Dynamics of introduced populations of Phragmidium violaceum and implications for biological control of European blackberry in Australia

Abstract

Phragmidium violaceum causes leaf rust on the European blackberry (Rubus fruticosus L. aggregate). Multiple strains of this pathogen have been introduced into southern Australia for the biological control of at least 15 taxa of European blackberry, a nonindigenous, invasive plant. In climates conducive to leaf rust, the intensity of disease varies within and among infestations of the genetically variable host. Genetic markers developed from the selective amplification of microsatellite polymorphic loci were used to assess the population genetic structure and reproductive biology of P. violaceum within and among four geographically isolated and diseased infestations of the European blackberry in Victoria, Australia. Despite the potential for long-distance aerial dispersal of urediniospores, there was significant genetic differentiation among all populations, which was not associated with geographic separation.

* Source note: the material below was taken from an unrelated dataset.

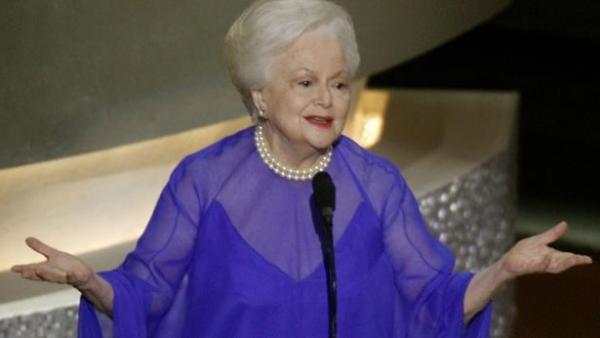 Η Ολίβια Ντε Χάβιλαντ, η Μέλανι από το «Όσα παίρνει ο άνεμος» έγινε 102 ετών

An assessment of multilocus linkage disequilibrium revealed temporal and geographic variation in the occurrence of random mating among the four populations. The presence of sexual spore states and the results of genetic analyses indicated that recombination, and potentially random migration and genetic drift, played an important role in maintaining genotypic variation within populations. Recombination and genetic differentiation in P. violaceum, as well as the potential for metapopulation structure, suggest the need to release additional, genetically diverse strains of the biocontrol agent at numerous sites across the distribution of the Australian blackberry infestation for maximum establishment and persistence.